_Data segment_
○ ○ ○ ○ ○ ○ ○

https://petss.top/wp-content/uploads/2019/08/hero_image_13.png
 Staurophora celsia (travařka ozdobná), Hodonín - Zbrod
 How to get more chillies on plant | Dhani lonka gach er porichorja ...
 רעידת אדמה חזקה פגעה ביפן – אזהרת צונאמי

○ ○ ○ ○ ○ ○ ○

No line should appear in the answer except those from the one containing "Staurophora celsia (travařka" through the last line of the listing, each retyped exactly.

_Written answer_
 Staurophora celsia (travařka ozdobná), Hodonín - Zbrod
 How to get more chillies on plant | Dhani lonka gach er porichorja ...
 רעידת אדמה חזקה פגעה ביפן – אזהרת צונאמי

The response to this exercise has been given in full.